Publications

Publication details [#32035]

Huang, Ruoze. 2020. Exploring the Origin of the Chinese Language: Zhang Binglin’s translation of Herbert Spencer’s evolutionary theory of language. In St. André, James, ed. Translation and Time: migration, culture, and identity (Translation Studies). Kent, OH: Kent State University Press.
Publication type
Article in jnl/bk
Publication language
English
Source language
Target language
Person as a subject

Abstract

This chapter seeks to capture the moment at the turn of the twentieth century when a Chinese historicist met a British evolutionist in language. From the 1890s onward there was a burgeoning call for language reform among the Chinese pioneers.
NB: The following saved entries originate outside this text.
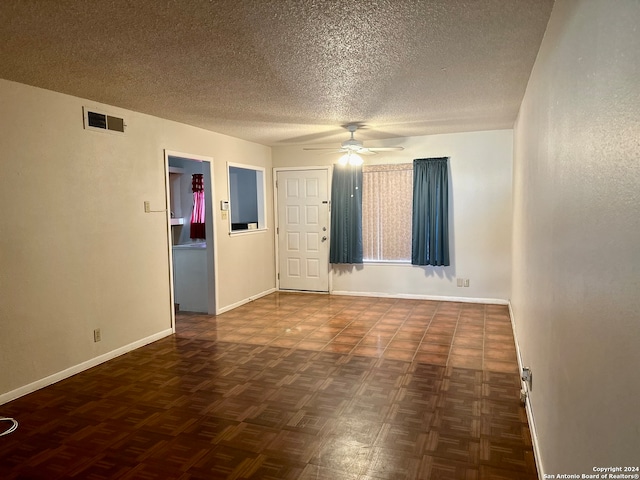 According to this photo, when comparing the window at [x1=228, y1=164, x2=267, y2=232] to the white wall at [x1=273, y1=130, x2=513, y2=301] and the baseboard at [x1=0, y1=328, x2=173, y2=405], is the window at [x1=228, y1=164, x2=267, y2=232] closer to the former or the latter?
the white wall at [x1=273, y1=130, x2=513, y2=301]

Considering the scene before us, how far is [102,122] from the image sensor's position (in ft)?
13.3

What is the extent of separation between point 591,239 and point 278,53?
2195 mm

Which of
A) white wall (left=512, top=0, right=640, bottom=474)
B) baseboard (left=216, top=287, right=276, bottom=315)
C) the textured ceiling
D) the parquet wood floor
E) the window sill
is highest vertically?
the textured ceiling

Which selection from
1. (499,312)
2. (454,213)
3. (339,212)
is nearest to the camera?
(499,312)

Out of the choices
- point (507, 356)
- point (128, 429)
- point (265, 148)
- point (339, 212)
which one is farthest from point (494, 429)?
point (265, 148)

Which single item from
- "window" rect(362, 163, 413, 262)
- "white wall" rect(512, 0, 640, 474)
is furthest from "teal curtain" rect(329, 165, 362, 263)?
"white wall" rect(512, 0, 640, 474)

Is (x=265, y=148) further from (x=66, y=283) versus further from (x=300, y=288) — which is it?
(x=66, y=283)

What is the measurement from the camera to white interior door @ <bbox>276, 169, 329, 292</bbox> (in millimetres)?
6980

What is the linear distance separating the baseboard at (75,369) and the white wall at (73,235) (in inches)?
0.8

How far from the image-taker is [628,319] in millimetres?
968

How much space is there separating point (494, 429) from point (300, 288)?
4721 mm

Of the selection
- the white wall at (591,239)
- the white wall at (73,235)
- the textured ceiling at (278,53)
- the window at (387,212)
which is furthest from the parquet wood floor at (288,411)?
the textured ceiling at (278,53)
In order to counterbalance the appeal of alphabetic writing, Zhang Binglin serialized the Chinese translation of Herbert Spencer’s “Progress: Its Law and Cause” in the reformist journal Free Expression (Changyan bao 昌言報) in 1898. Inspired by the British theorist’s idea that progress means “a change from the homogeneous to the heterogeneous,” Zhang Binglin attempted in the translation to trace the uninterrupted development of the Chinese language. He identified the expression of feelings as the origin of language, placed the Western grammatical framework into traditional Chinese terminology, and, above all, looked for the common “ancestral words” that supposedly sustained the development of the classical Chinese language. Spencer’s imprint upon Zhang Binglin was such that it persisted in Zhang’s exploration of the origin of Chinese through his later enterprises, both cultural and political. Altogether, it showcases how the discourse of evolutionism was borrowed and bifurcated toward the making of modernity in China.